_INFORMATION GIVEN_

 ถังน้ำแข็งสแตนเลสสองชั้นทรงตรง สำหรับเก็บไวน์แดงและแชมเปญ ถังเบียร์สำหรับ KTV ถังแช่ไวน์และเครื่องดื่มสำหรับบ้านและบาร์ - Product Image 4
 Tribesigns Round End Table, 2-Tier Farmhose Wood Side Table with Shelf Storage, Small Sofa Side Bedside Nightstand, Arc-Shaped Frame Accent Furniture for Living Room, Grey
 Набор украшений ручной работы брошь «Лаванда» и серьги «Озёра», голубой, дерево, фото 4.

---

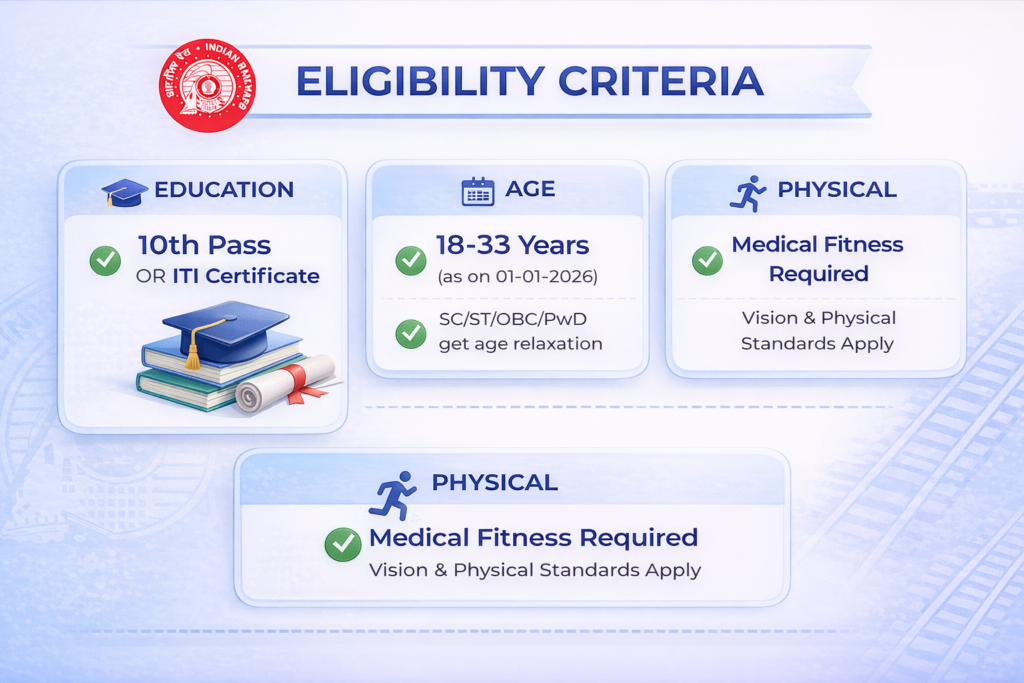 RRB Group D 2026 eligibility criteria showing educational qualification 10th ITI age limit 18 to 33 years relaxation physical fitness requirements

...

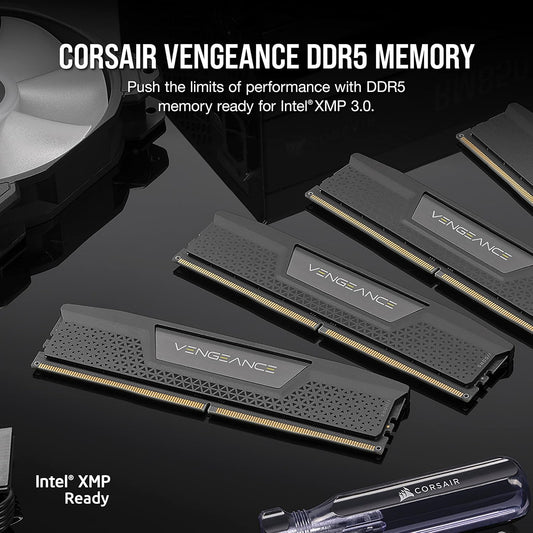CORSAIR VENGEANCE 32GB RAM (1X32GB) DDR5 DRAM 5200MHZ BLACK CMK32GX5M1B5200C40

_TASK TO COMPLETE_
Repeat exactly the lines above from the one with "Tribesigns Round End" up to and including the one with "Набор украшений ручной". No other line belongs in the reply.

_RESPONSE BELOW_
 Tribesigns Round End Table, 2-Tier Farmhose Wood Side Table with Shelf Storage, Small Sofa Side Bedside Nightstand, Arc-Shaped Frame Accent Furniture for Living Room, Grey
 Набор украшений ручной работы брошь «Лаванда» и серьги «Озёра», голубой, дерево, фото 4.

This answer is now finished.